When we open up to our brokenness, we begin the path to wholeness.
When I was younger, I used to hope that when I turned 20 and then 30 and now 50, that I would be free from getting so humiliated or feeling fearful or anxious. I thought I just needed to grow up.
I still get humiliated, fearful, and anxious. But what is different now is that while I don’t particular enjoy these strong feelings, I am more okay with them because I see them as passing conditions. They are simply tools to work with. And they don’t define me.
Wholeness is not perfection. Wholeness is acceptance. It is simply a willingness to look at all of it…the good, the bad, and the ugly.
When we give voice to our brokenness, we in turn let light shine on and from these places.

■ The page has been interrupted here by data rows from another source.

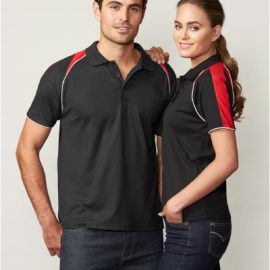 The Biz Collection Ladies Triton Polo is a 50% cotton, 50% BIZ COOL™ Polyester polo shirts.  7 colours.  8 - 24.  Great branded biz cool polos shirts & uniforms.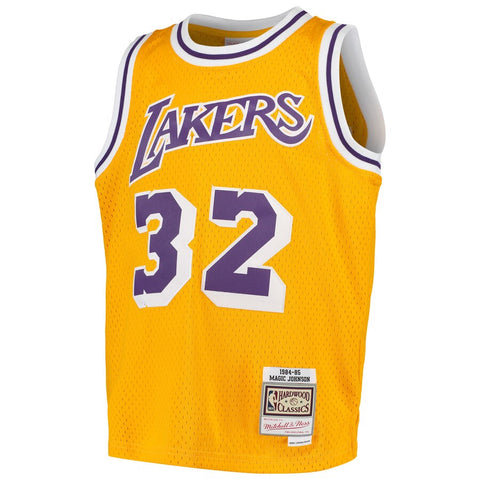 magic johnson retro jersey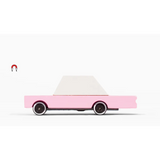 Pink Sedan Toy Car - 630 Toys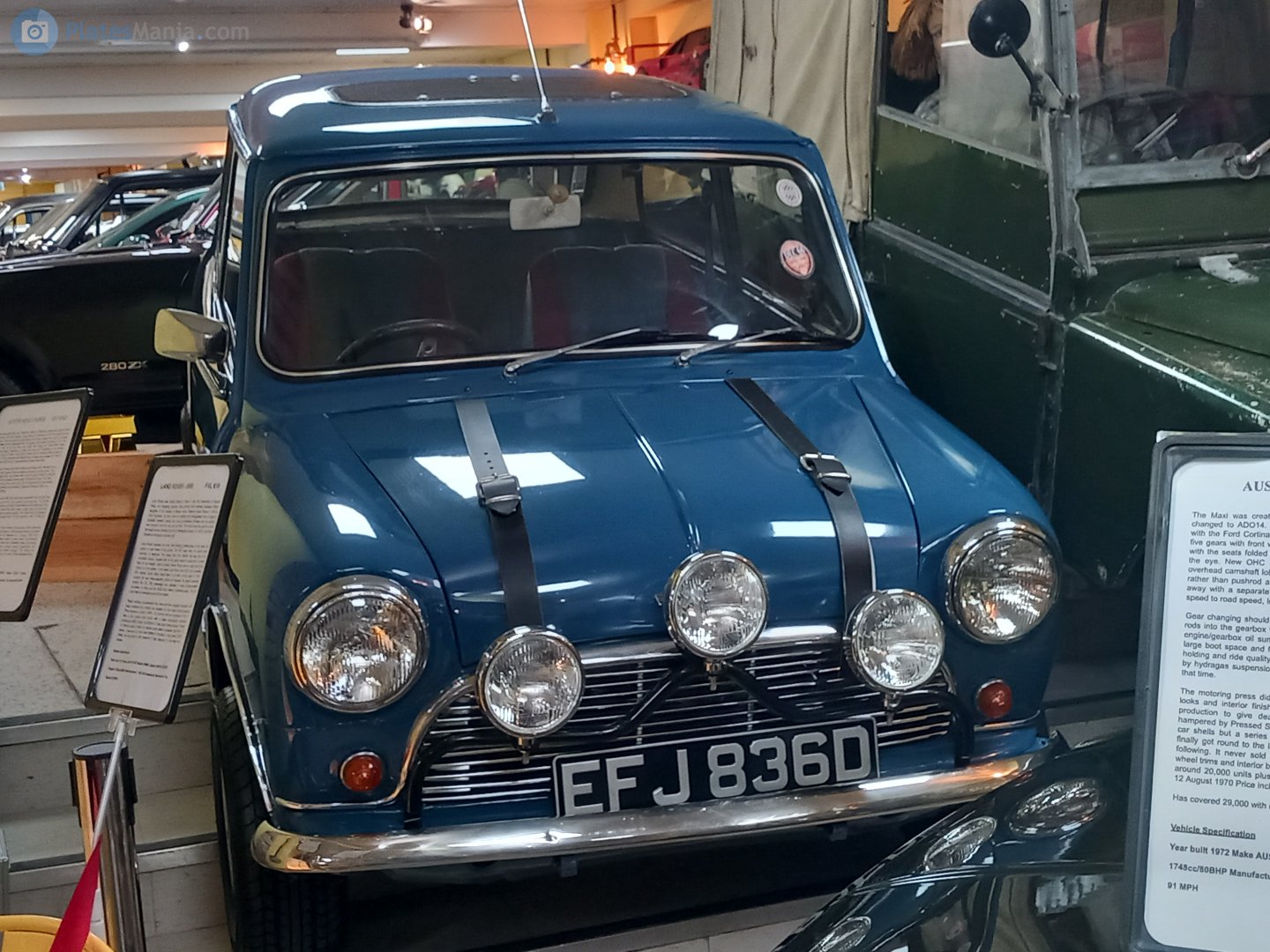 EFJ836D, Austin Mini 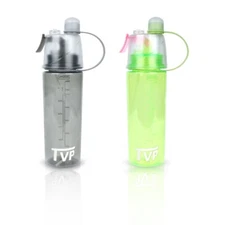 Fits For TVP Mist n' Sip School Time Fun Water Bottle for Kids W/ Spray, 20oz Bl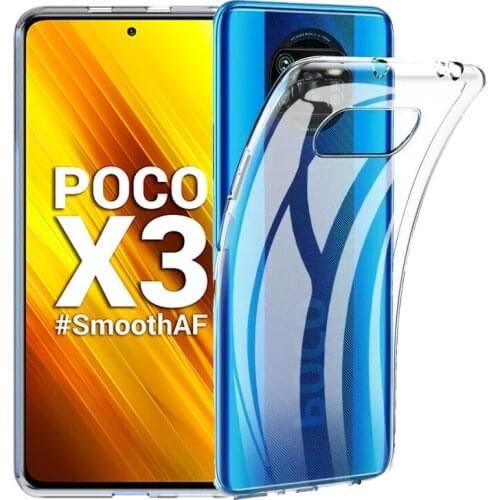 For Xiaomi Poco X3 NFC Case Silicone Cover Soft TPU Matte Telefon Back Protector Shell For Poko Poco Little X3 Cover Case Funda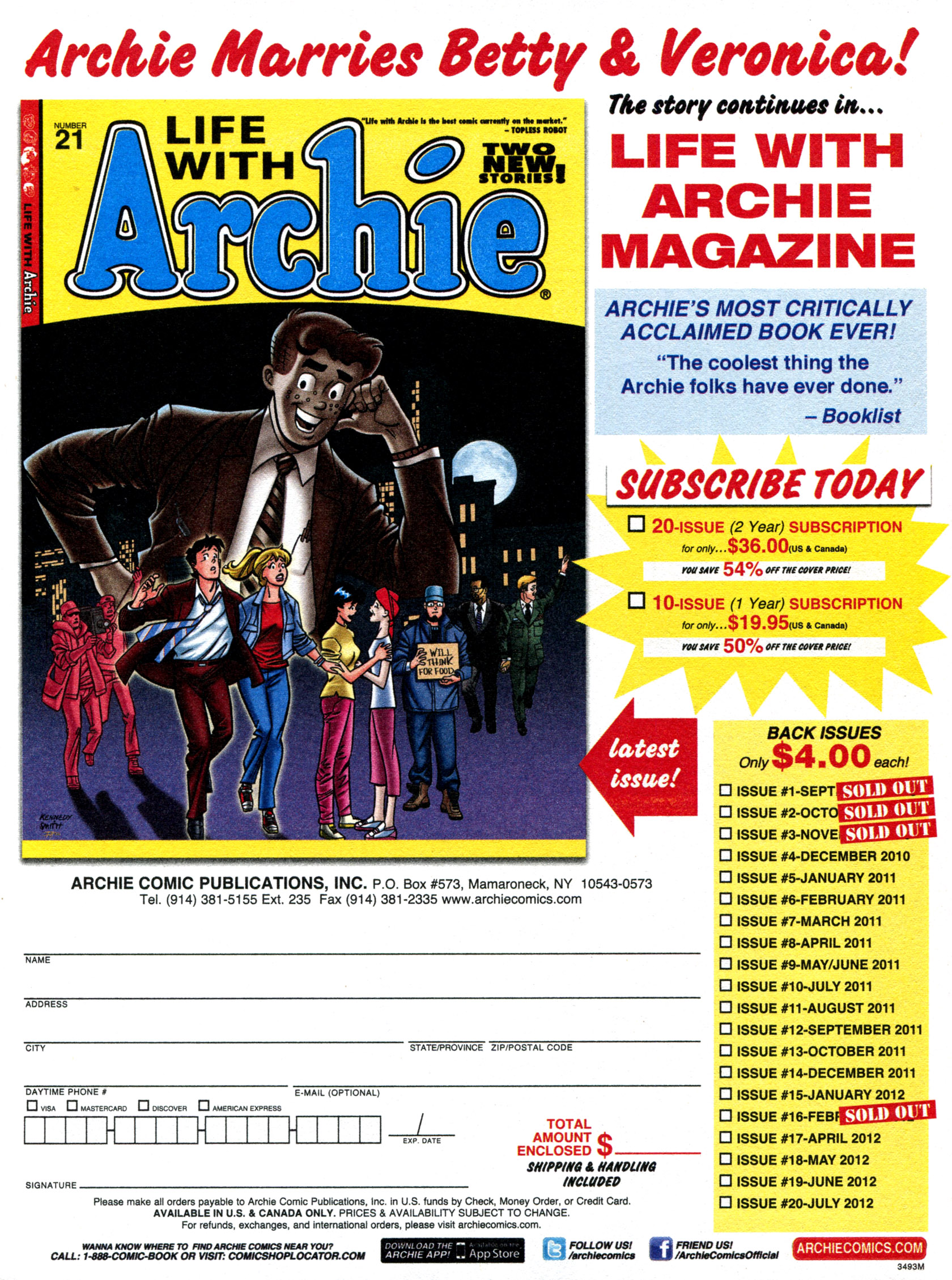 Read online Life With Archie (2010) comic -  Issue #21 - 11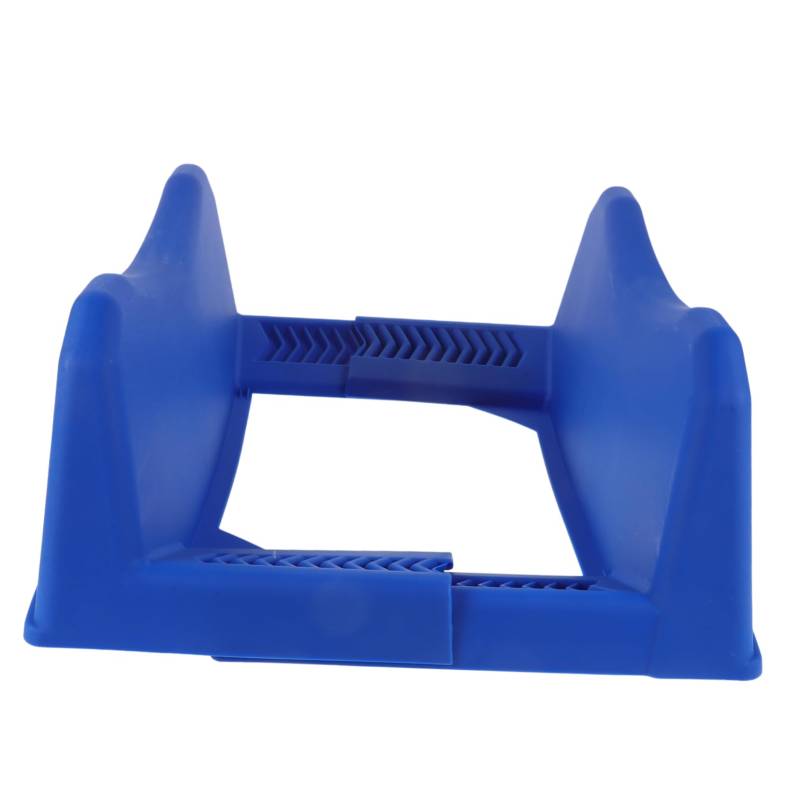 OUNONA Reifenpräsentationsständer Reifen-Präsentationsständer Reifen Lagerregal Reifenregal Halter für Reifendisplays Plastik Blue von OUNONA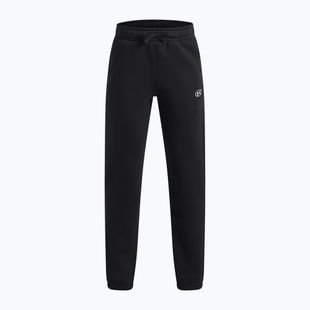 Children's trousers Under Armour B Rival Fleece Jogger ultimate black/white
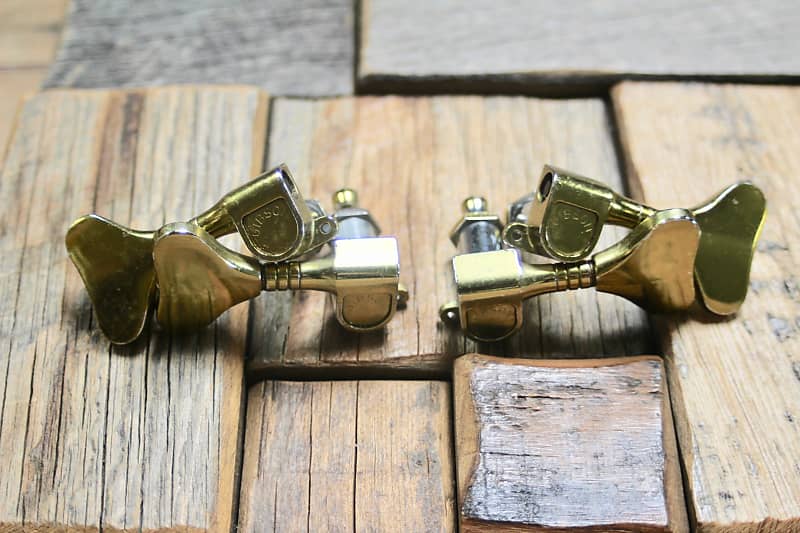 Gibson 80's Vintage Bass Tuners 2 a Side Reverb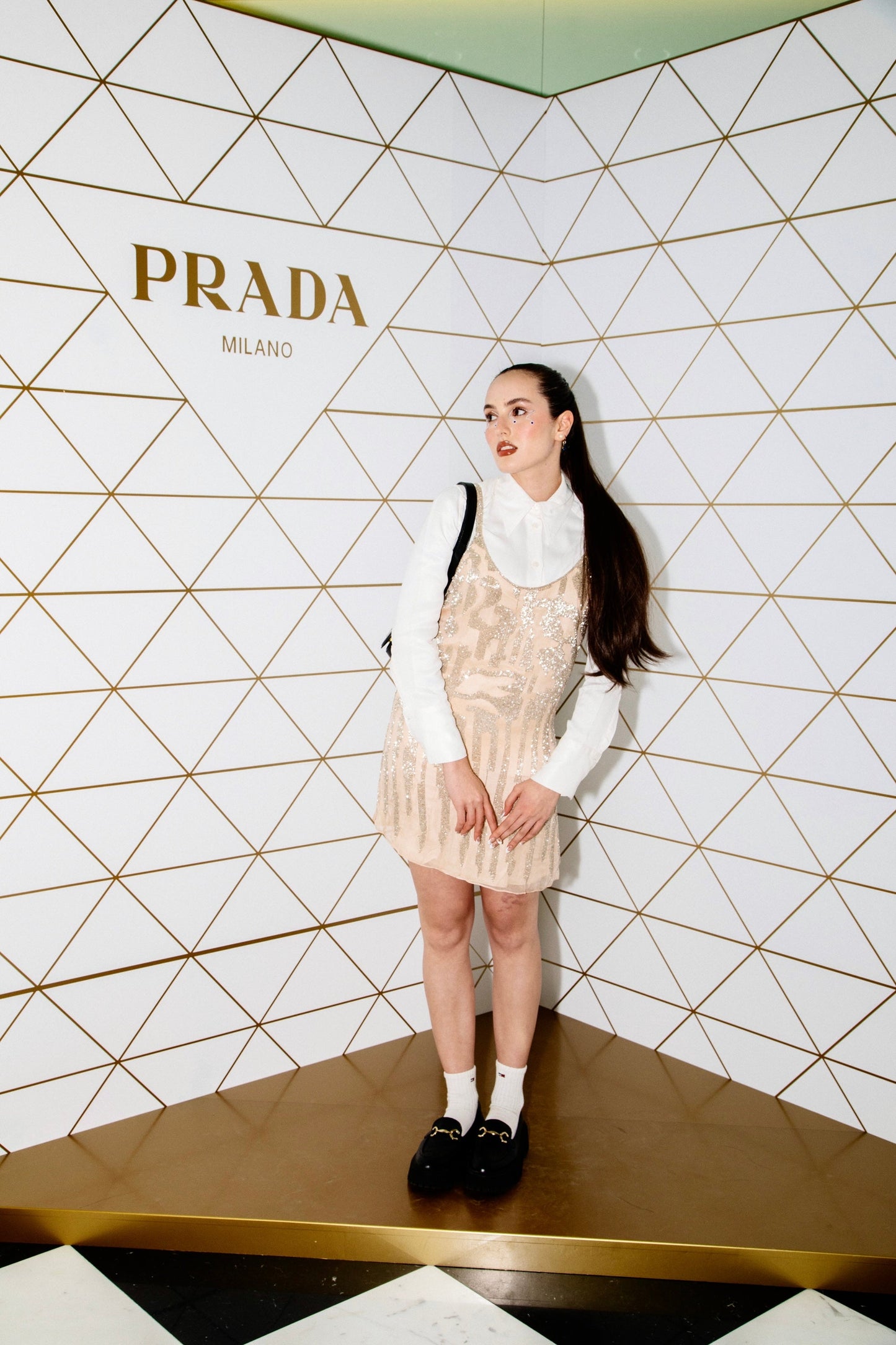 27" Ponytail Straight Clip-In Dark Colour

And who knows how this light will change our lives and illuminate the hearts of others.
As Parker Palmer says, the way to God is down.
And when we are mindful of our pain, when we hear it and can identify it as sadness, anger, jealousy, grief, whatever it may be…we see our brokenness as something to understand and not necessarily fix. We change our relationship to it. It becomes something to work with and grow from.
It becomes a portal to awakening not a pathology to treat.
Barrie Davenport in her book, Peace of Mindfulness, writes, “Don’t add another layer of suffering by fretting over your suffering.”
There is nothing wrong with you. You are not perfect thank goodness! But you are beautiful in your brokenness. Because you are fierce with reality.